Hypoglycaemia

Hypoglycaemia, commonly known as low blood sugar, is when the level of glucose in your blood drops too low. It’s sometimes known as a ‘hypo’.

By Wallace Health I Medically reviewed by Adrian Roberts.
Page last reviewed: October 2018 I Next review due: October 2021

What is hypoglycaemia?

Low blood sugar can affect anyone. However, it’s more likely if you have diabetes and are taking medicines such as insulin, which lowers your blood sugar levels.

It can also affect you if you have another condition that lowers your blood sugar.

It’s important to recognise the signs of low blood sugar, so you can act quickly. It’s also a good idea to let your friends, family and colleagues know, so they can help you if it happens.

If it’s mild and you treat it quickly, it shouldn’t affect your long-term health. If it’s severe and isn’t treated, it can sometimes be life-threatening.

What is a normal blood sugar level?

Your blood sugar level refers to the amount of glucose (a sugar) in your blood. It is regulated by the hormone insulin, which is produced by your pancreas when your blood sugar level rises. Insulin allows your cells to absorb glucose for use as energy or to store as glycogen. When your blood sugar level drops too low, a hormone called glucagon, which is also produced by your pancreas, is released and causes your liver to break down its glycogen stores into glucose, which is then released into your blood.

Your blood sugar level is measured in millimoles per litre (mmol/L). It is usually maintained at 4–6 mmol/L when you're fasting ie when you haven’t eaten for at least eight hours.

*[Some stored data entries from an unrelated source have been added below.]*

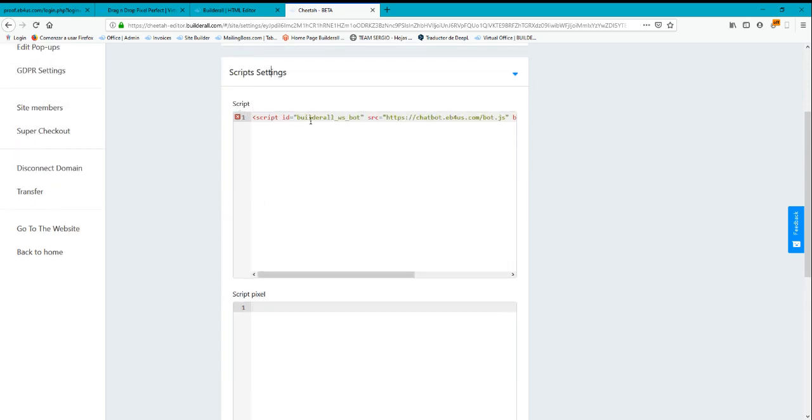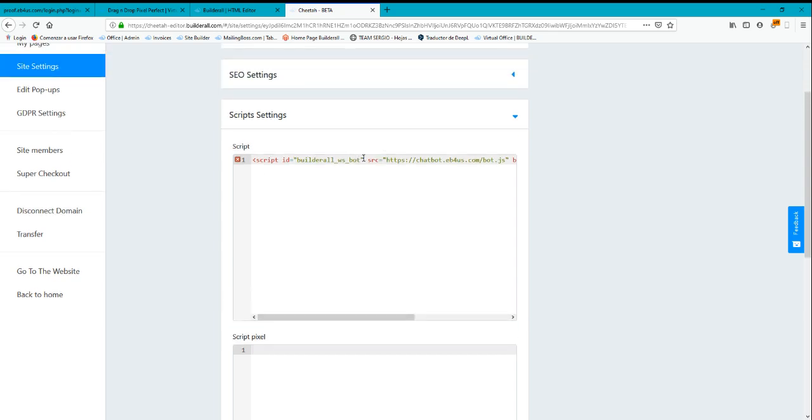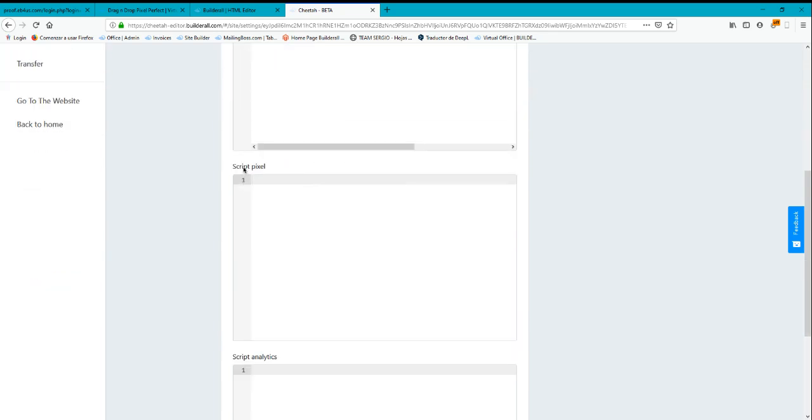You will have the first script, which usually is used for SiteBot App or any additional script. The Pixel script is basically where you put the Facebook Pixel script.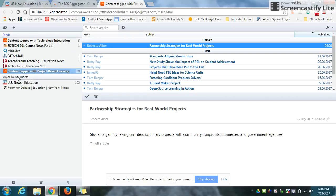Overall, the RSS aggregator is a great extension that is easy to use. I would encourage anyone to try it out.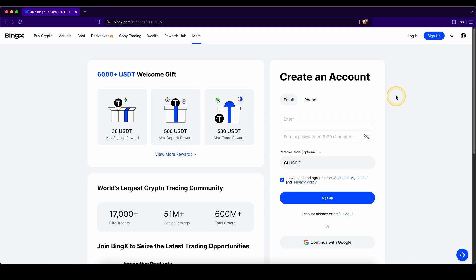Don't forget to pick up the best signup bonus possible with up to $6,000 in bonuses by using the link from the video description. And if you have any other questions, feel free to ask them in the comments.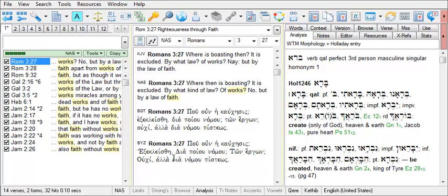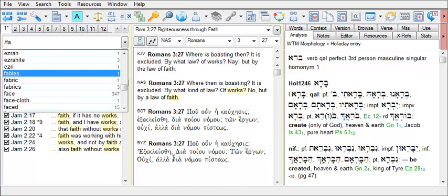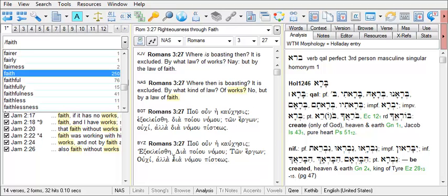But let's say you wish to search for faith or works — that is, verses where either faith or works appear, but they don't need to appear in the same verse. This is an or search. Use a forward slash, then type in faith and works, and hit enter.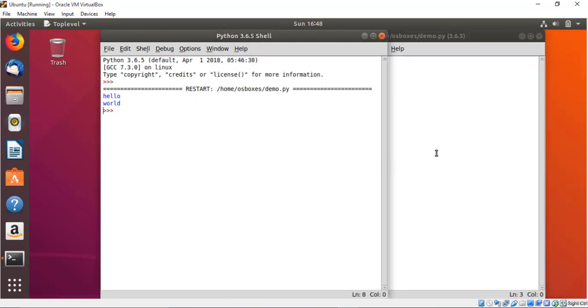This will be the wrap for this lecture. If you get any error in the installation procedure make sure you post the relevant question in the Q&A section. Thank you so much.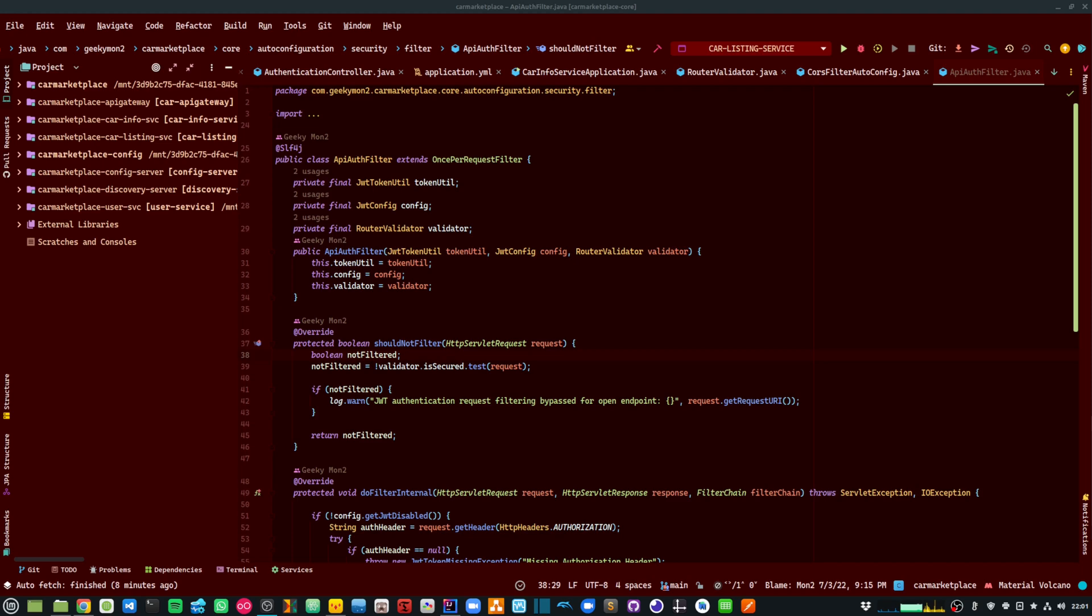In this video, we are going to understand how I implemented a common JWT authentication library to secure all of my microservices APIs.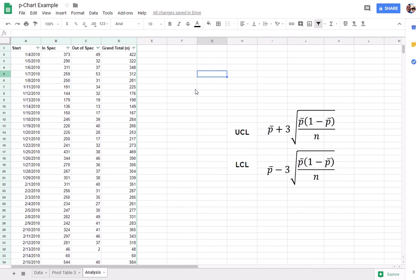All right, in this video I'm going to demonstrate how to use Google Sheets to create a p-chart. A p-chart is a tool that helps you to evaluate the proportion defective of something produced by a process.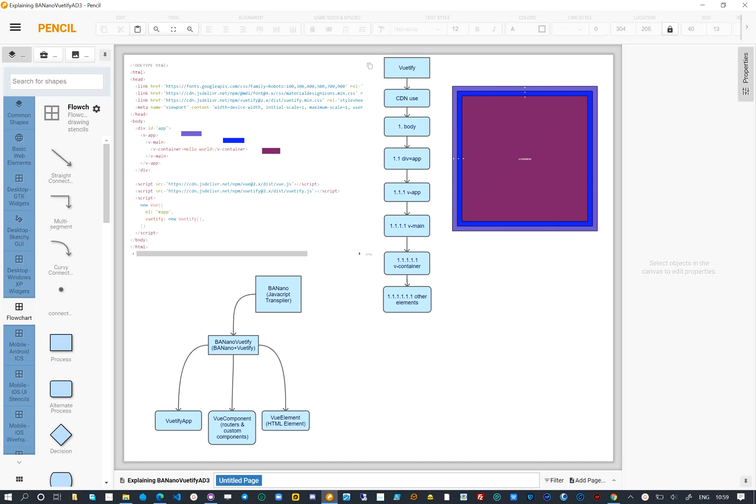Good day, here we begin the process of learning how to create websites and webapps with Vuetify using Banano Vuetify. To create our projects, we will use the CDN version of Vuetify.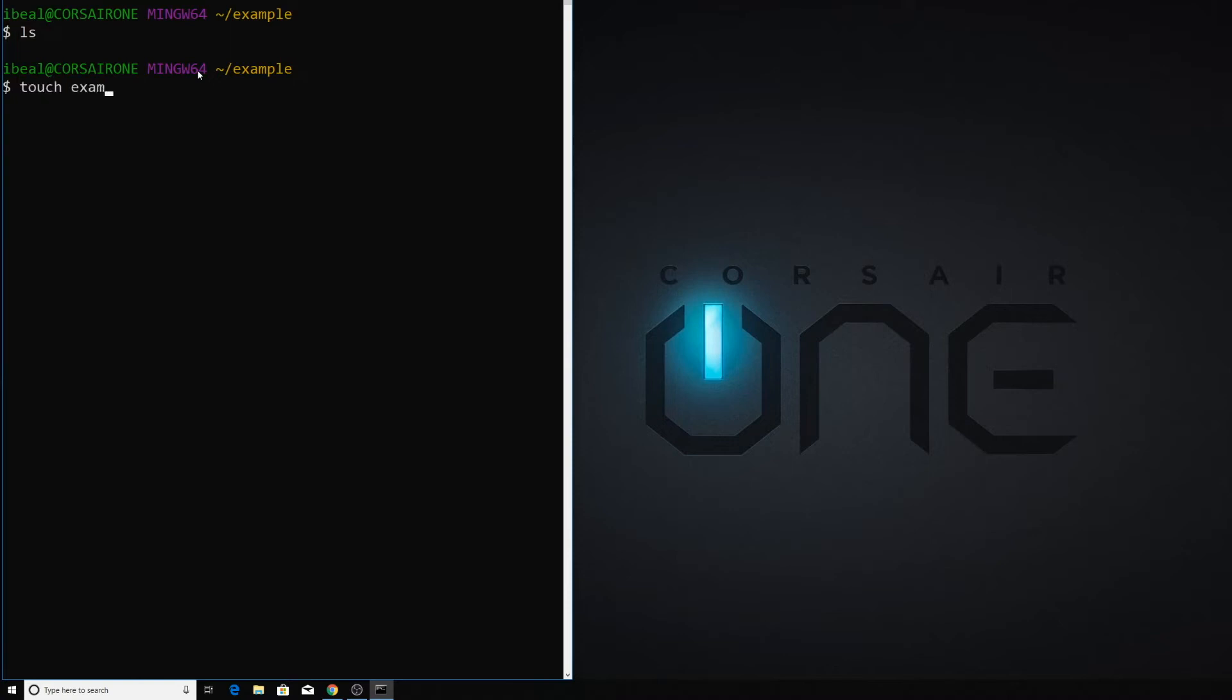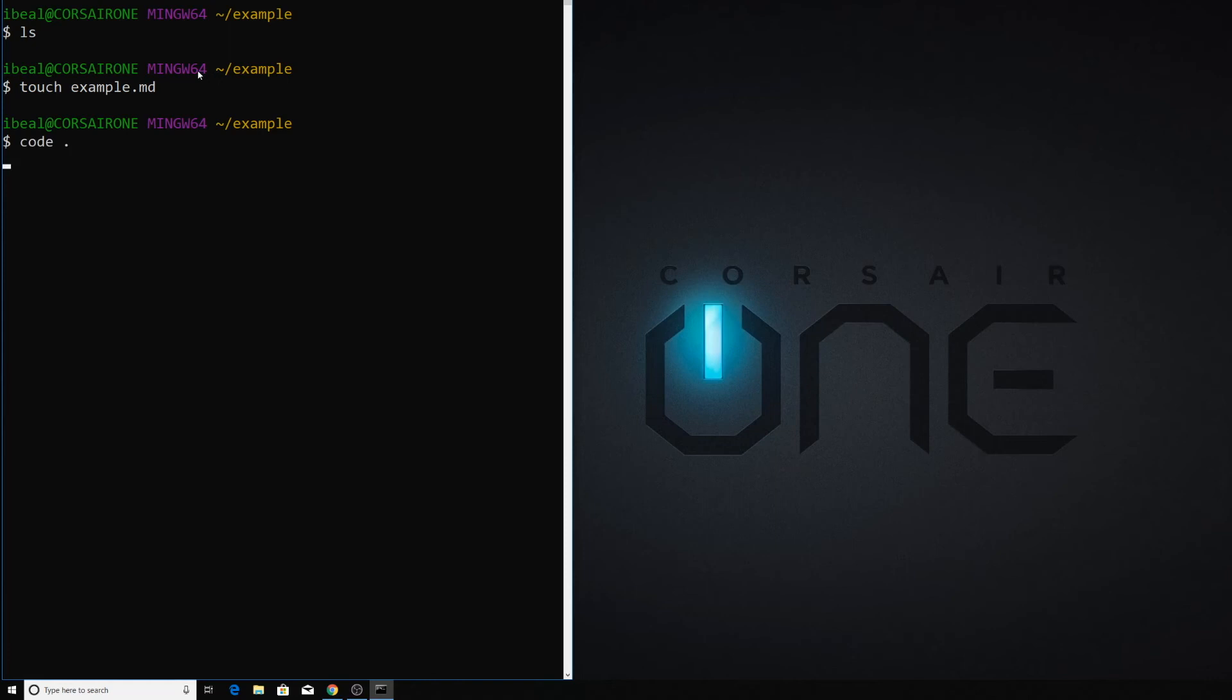We'll do the same thing, we'll call it touch example.md, and now instead of just opening the file example.md, we're going to open up the entire folder in VS Code by typing code space dot.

When you eat a meal, carbohydrates in your food are broken down into smaller molecules, including glucose. Insulin will be released into your blood to bring your blood sugar levels back down. Around two hours after a meal, if you are healthy, your blood glucose levels can be up to 7.8 mmol/L. 

Diabetes is diagnosed according to your blood sugar levels. 

How to tell if you have hypoglycaemia

The effects of low blood sugar vary from person to person and can change over time. Early symptoms of low blood sugar include:

  • Dizziness
  • Fast heartbeat (palpitations)
  • Feeling anxious, irritable, moody and/or tearful
  • Feeling hungry, shaky and/or very tired 
  • Looking paler than usual
  • Sweating and/or tingly lips  

Low blood sugar can develop while you are asleep. This can cause you to wake up in the middle of the night, or when you wake in the morning, you may: 

  • Have a headache
  • Feel tired
  • Notice the sheets are damp from sweating

If your blood sugar levels fall very low, you may also experience:

  • Blurred vision
  • Collapsing or passing out (unconsciousness)
  • Confusion and unusual behaviour eg clumsiness or slurred speech (similar to being drunk)
  • Feeling sleepy
  • Fits or seizures
  • Weakness

In very severe cases, low blood sugar can be fatal.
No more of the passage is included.